La vida del artista es dura y, en ocasiones, pinta desagradecida. Llena de cartonaje publicitario, la fama se ha empeñado en mezclarnos la calidad con la bazofia; convertirse en sujeto alienante del gusto musical. El pop se ha rodeado de cirugía plástica que enmascara el talento de sus ídolos. Nos comemos lo que nos venden los gurús del producto-espectáculo: el humo convertido en imagen. Promoción salvaje. Los cazatalentos bucean en You Tube en busca de nuevas ideas; Internet se ha convertido en una plataforma de publicidad iniciática, gratuita y peligrosa. Un laboratorio donde convive lo bueno con lo inaceptable, dirigido por los grandes fabricantes del producto final. You Tube es una gran televisión basada en shares de popularidad. Alguien desconocido pasa a convertirse en archifamoso del mundo mundial, sus canciones se hacen superventas: mercancía del camello musical que vende polvo de ladrillo a precio de cocaína pura.
Nunca llueve a gusto de todos y no debemos dejarnos regar siempre con el mismo agua. La diversidad no ha de perderse para que exista sensate. Justin Bieber es un pichón crecido a la sombra de Internet, arrullado por las redes sociales; por la moda efímera que genera una edad del pavo cada vez más tecnodirigida. Arrollado por ellas, también.
El chico de Stratford ha sido inflado como un pollo de explotación avícola; quizás en unos años, cuando su DNI posea dos cifras significativas (su cuenta corriente ya habrá rebasado la cifra del número pi con creces), se comience a hablar de una madurez musical.
2011 está resultando un año repleto de éxitos y cifras desbordantes. J B, elegido rey de los 20 peores artistas pop en la historia musical por NME, representa una contradicción: la fama le ha encumbrado al Olimpo glamuroso en color y a doble página; las mismas que castigan su popularidad. La balanza de la sensatez se equilibra. El mérito es todo suyo, se lo tiene bien ganado. Ha trabajado para ello. La hazaña de J B supera la barrera del fenómeno aislado: es una mezcla de terremoto, maremoto y fenómeno de El Niño en un solo envase. Su disfraz de playmobil espectáculo se ha derretido como cera inconsistente.

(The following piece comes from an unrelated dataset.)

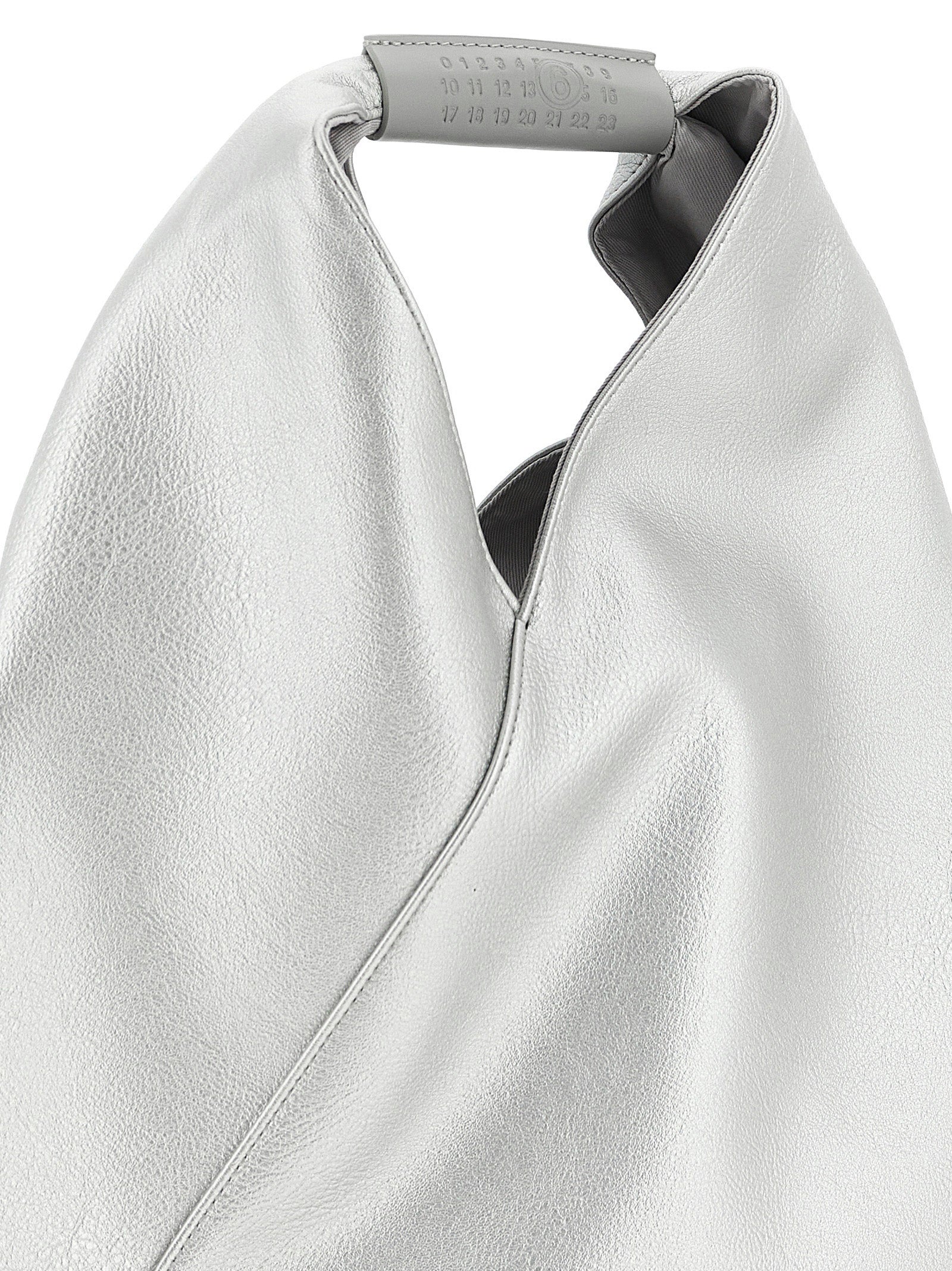 MM6 Maison Margiela Japanese Small Synthetic Top Handle Bag — Silver, view 3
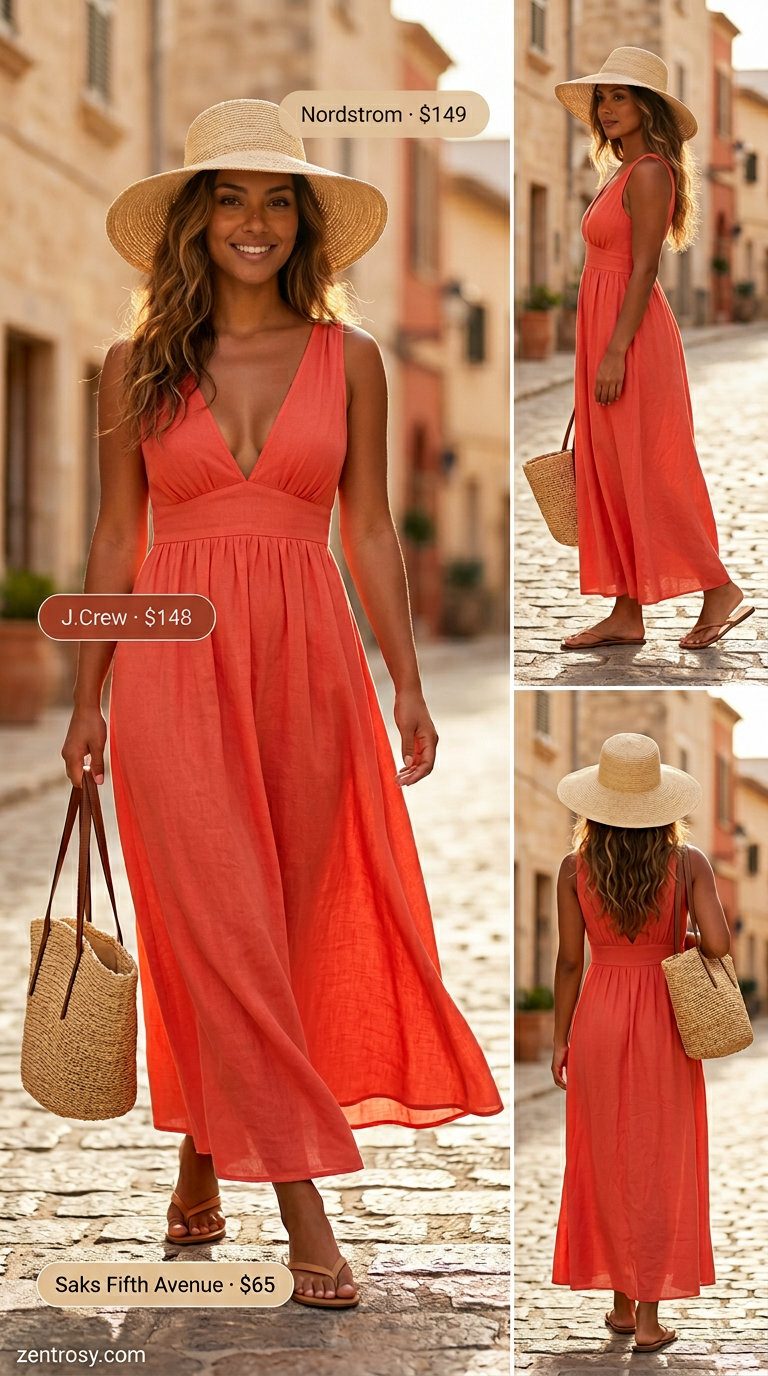 Cute summer jumpsuit outfits for women 2026: Boho maxi dress, flat sandals, and straw tote for beach vacation.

Pasto de la novedad, payasete cinematográfico, marioneta discográfica y príncipe de contenidos electrónicos, J B se ha ganado este título por méritos propios, pitufo sorpresivo en el backstage; juguetón y gamberrillo como cualquier crío de su edad (17 años). La fiebre del niño-fenómeno fenomenal se ha tomado un paréntesis. J B, dejándose llevar, ha jugado al Peter Pan galáctico del siglo XXI y ha descubierto que esa galaxia brillante tiene finitud; que las alturas conllevan bajadas. Esta hazaña de convertirse en rey de los peores es un punto negro sobre su imberbe carita de ángel niño. Una espinilla en su currículo de ratón jugando a elefante.